On Tue, Feb 18, 2014 at 6:15 AM, Wilcox, Matthew R
<[email protected]> wrote:
> We don't really need to lock all the pages being returned to protect against
> truncate. We only need to lock the one at the highest index, and check
> i_size while that lock is held since truncate_inode_pages_range() will block
> on any page that is locked.
>
> We're still vulnerable to holepunches, but there's no locking currently
> between holepunches and truncate, so we're no worse off now.
It's not "holepunches and truncate", it's "holepunches and page
mapping", and I do think we currently serialize the two - the whole
"check page->mapping still being non-NULL" before mapping it while
having the page locked does that.
Besides, that per-page locking should serialize against truncate too.

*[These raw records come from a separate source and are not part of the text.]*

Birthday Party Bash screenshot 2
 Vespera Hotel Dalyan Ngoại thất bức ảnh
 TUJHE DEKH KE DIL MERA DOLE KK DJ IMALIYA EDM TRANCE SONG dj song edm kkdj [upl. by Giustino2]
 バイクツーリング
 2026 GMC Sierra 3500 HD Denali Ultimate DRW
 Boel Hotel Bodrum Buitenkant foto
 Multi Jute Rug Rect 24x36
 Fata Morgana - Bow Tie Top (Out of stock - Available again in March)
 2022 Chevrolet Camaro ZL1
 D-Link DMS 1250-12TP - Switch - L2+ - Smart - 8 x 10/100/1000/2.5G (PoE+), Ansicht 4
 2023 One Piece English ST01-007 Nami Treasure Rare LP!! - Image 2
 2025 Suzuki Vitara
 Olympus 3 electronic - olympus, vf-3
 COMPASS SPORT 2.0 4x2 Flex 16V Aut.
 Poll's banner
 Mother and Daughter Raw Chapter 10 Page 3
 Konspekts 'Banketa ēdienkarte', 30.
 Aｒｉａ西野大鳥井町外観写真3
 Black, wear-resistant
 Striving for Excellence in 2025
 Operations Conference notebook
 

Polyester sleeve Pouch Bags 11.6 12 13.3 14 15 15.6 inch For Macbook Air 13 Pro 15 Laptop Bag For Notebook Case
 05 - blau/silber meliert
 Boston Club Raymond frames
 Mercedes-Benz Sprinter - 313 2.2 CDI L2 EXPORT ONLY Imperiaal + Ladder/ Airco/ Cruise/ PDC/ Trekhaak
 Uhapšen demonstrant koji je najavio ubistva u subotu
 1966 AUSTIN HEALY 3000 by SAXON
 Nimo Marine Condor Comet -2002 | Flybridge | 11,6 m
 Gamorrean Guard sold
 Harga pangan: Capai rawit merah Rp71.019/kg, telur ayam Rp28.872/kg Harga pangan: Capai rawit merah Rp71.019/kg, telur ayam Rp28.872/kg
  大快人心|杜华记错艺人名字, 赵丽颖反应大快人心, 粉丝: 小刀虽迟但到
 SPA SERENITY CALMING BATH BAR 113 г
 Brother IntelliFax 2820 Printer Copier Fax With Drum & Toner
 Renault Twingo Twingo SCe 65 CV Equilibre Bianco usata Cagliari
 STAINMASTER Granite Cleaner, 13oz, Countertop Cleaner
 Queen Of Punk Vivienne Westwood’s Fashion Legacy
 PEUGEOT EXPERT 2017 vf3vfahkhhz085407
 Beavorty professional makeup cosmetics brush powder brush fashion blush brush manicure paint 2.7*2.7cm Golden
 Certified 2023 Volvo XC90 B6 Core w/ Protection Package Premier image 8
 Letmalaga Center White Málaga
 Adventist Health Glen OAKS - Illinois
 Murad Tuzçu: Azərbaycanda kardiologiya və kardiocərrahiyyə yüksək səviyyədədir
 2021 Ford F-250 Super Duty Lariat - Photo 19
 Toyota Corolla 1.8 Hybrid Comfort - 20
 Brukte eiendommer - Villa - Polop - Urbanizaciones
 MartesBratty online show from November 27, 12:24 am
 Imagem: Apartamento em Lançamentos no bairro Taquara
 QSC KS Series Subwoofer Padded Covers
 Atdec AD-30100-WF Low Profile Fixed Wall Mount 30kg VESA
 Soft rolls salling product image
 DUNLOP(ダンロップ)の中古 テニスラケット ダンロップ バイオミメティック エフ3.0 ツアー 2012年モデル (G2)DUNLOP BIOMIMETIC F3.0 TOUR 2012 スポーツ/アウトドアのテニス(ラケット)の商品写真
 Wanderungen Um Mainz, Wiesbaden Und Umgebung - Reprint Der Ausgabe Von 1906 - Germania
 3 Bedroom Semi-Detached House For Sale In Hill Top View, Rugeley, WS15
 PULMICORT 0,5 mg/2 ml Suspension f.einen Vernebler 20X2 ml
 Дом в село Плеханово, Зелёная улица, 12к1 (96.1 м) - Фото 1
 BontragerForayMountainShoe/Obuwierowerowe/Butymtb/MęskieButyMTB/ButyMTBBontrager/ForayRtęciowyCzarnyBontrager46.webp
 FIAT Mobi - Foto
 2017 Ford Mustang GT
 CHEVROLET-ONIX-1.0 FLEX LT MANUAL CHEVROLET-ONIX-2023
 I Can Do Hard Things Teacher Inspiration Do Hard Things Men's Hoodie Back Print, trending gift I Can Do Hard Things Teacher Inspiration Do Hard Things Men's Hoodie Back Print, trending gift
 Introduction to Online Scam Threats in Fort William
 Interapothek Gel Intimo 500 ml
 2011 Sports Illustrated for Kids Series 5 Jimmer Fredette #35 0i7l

No, there is no "global" serialization, but there *is* exactly that
page-level serialization where both truncation and hole punching end
up making sure that the page no longer exists in the page cache and
isn't mapped.
I'm just claiming that *because* of the way rmap works for file
mappings (walking the i_mapped list and page tables), we should
actually be ok. The anonymous rmap list is protected by the page
lock, but the file-backed rmap is protected by the pte lock (well, and
the "i_mmap_mutex" that in turn protects the i_mmap list etc).